ScreenShots

Thursday, January 3, 2008

The Pragma User Interface

Shown is the primary user interface to the Pragma application. Click on it for a more legible view. The timeline at the top controls the display of the Operations Activities. The user assigns time to each activity and costs to the resources used in the data grids at bottom. Time and cost data are propagated through the object chain to arrive at various subtotals and the total Job Cost and Job Time (shown in the upper right corner, on the top line next to the timeline).

The context of the screen is a Job. For the job in view, Operations rows are the thick rows just beneath the timeline. Each operation is composed of one or more activities (steps in a process), and each job is composed of one or more operations, all of which are displayed.

Total costs per activity are shown at the bottom of each column of the schedule display.

Costs and time per operation are shown in the columns at the left on the Operations rows.

Resource costs per job (for all operations) are shown in the columns at the left of the Resource allocation lines (thin row lines beneath Operations with a white background).

Although very lean, the data tracked in this framework is crucial to business planning. Knowing costs and their relation to resource use allows a business to properly set prices and control profitability within the constraints of the market. The goal is in fact to allow the market to constrain and guide the business decisions, not to be constrained instead by a lack of information and analysis.

The manner in which time and costs flow through the object hierarchy is what gives this application life. It is hard for me to imagine a scenario where this framework would be insufficient to model the contribution margin and break-even chart for a business project.

Note that this interface is not a calendar, but rather a scheduler. In other words, the time spans shown are not tied to a calendar, but to an abstract time period, ie, any given 12-hour period or year or whatever.
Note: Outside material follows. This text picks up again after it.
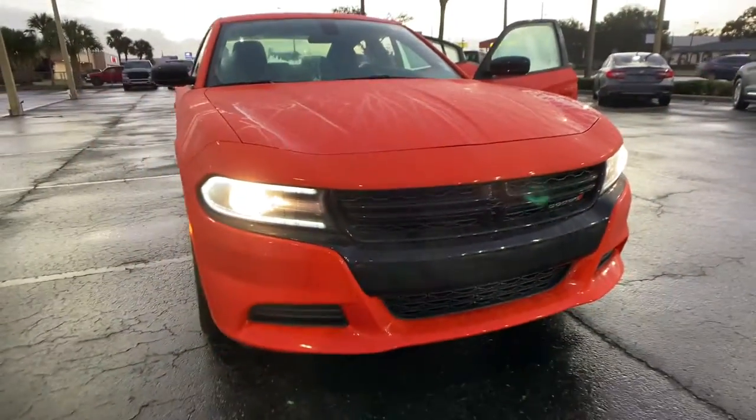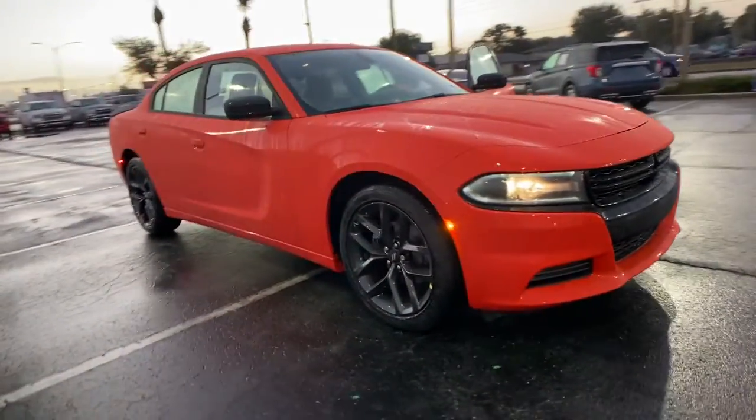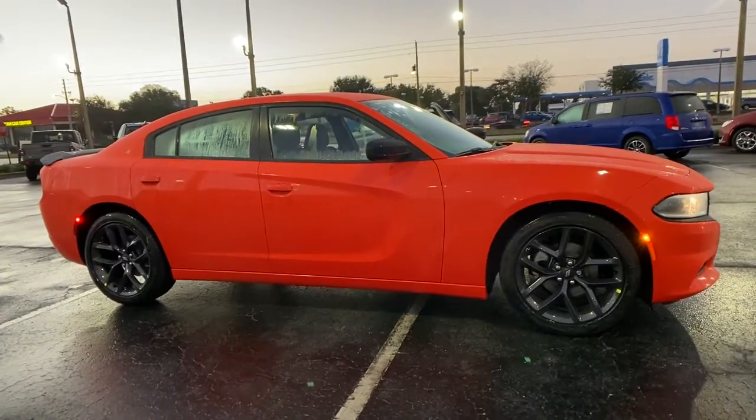Look no further than the 2021 Dodge Charger. The Charger delivers all the power and excitement you want in a muscle car, and the safety features and convenience you need for the daily drive.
Instead of pairs of start/end date-time fields, time spans are stored as single field durations. In that sense, operations that are defined by a Pragma object form the entire detailed record of an event that could be placed on a calendar, where it may appear as a single object. The only difference to start would be that the scheduled event attaches a start date to the Pragma scheduler object.

When a Pragma is defined, it is essentially an estimate, a forward-looking abstraction. When placed on a production calendar and extended to match real quantities of production, the Pragma object becomes a historical record. When placed into a planning calendar and extended for anticipated demand, the Pragma object becomes a part of a cash flow projection.

Time, money, and resources being the foundation of business, this is where Pragma begins.